I attempted to replicate an old post here that seemed to be doing exactly what I'm trying to do Fitting a line in 3D

but it seems that maybe updates over the past decade have left the second part of the code not working? Or maybe I'm just doing something wrong. I've included the entire thing that I frankensteined together from this at the bottom. There are two lines that seem to be giving me a problem.

I've snippeted them out here...

import numpy as np

pts = np.add.accumulate(np.random.random((10,3)))
x,y,z = pts.T

# this will find the slope and x-intercept of a plane
# parallel to the y-axis that best fits the data
A_xz = np.vstack((x, np.ones(len(x)))).T
m_xz, c_xz = np.linalg.lstsq(A_xz, z)[0]

# again for a plane parallel to the x-axis
A_yz = np.vstack((y, np.ones(len(y)))).T
m_yz, c_yz = np.linalg.lstsq(A_yz, z)[0]

# the intersection of those two planes and
# the function for the line would be:
# z = m_yz * y + c_yz
# z = m_xz * x + c_xz
# or:
def lin(z):
    x = (z - c_xz)/m_xz
    y = (z - c_yz)/m_yz
    return x,y

#verifying:
from mpl_toolkits.mplot3d import Axes3D
import matplotlib.pyplot as plt

fig = plt.figure()
ax = Axes3D(fig)
zz = np.linspace(0,5)
xx,yy = lin(zz)
ax.scatter(x, y, z)
ax.plot(xx,yy,zz)
plt.savefig('test.png')
plt.show()

They return this, but no values...

FutureWarning: rcond parameter will change to the default of machine precision times max(M, N) where M and N are the input matrix dimensions. To use the future default and silence this warning we advise to pass rcond=None , to keep using the old, explicitly pass rcond=-1 . m_xz, c_xz = np.linalg.lstsq(A_xz, z)[0] FutureWarning: rcond parameter will change to the default of machine precision times max(M, N) where M and N are the input matrix dimensions. To use the future default and silence this warning we advise to pass rcond=None , to keep using the old, explicitly pass rcond=-1 . m_yz, c_yz = np.linalg.lstsq(A_yz, z)[0]

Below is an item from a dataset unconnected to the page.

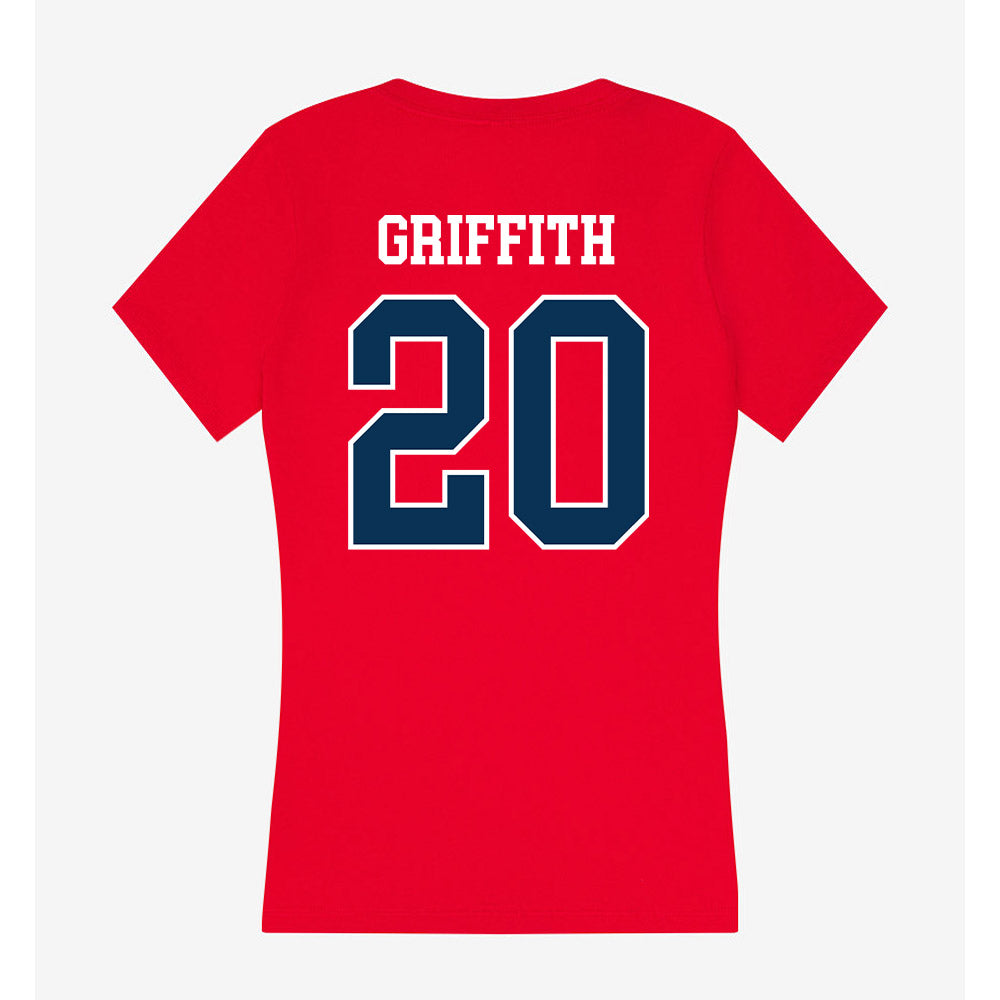 Saginaw Valley - NCAA Men's Soccer : Justin Griffith - Women's V-Neck T-Shirt-1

I don't know where to go from here. I don't even actually need the plot, I just needed an equation and am ill-equipped to move forward. If anyone knows an easier way to do this, or can point me in the right direction, I'm willing to learn, but I'm very, very lost. Thank you in advance!!

Here is my entire frankensteined code in case that is what is causing the issue.

import pandas as pd
import numpy as np
mydataset = pd.read_csv('line1.csv')

x = mydataset.iloc[:,0]
y = mydataset.iloc[:,1]
z = mydataset.iloc[:,2]


data = np.concatenate((x[:, np.newaxis], 
                       y[:, np.newaxis], 
                       z[:, np.newaxis]), 
                      axis=1)


# Calculate the mean of the points, i.e. the 'center' of the cloud
datamean = data.mean(axis=0)

# Do an SVD on the mean-centered data.
uu, dd, vv = np.linalg.svd(data - datamean)

# Now vv[0] contains the first principal component, i.e. the direction
# vector of the 'best fit' line in the least squares sense.

# Now generate some points along this best fit line, for plotting.

# we want it to have mean 0 (like the points we did
# the svd on). Also, it's a straight line, so we only need 2 points.
linepts = vv[0] * np.mgrid[-100:100:2j][:, np.newaxis]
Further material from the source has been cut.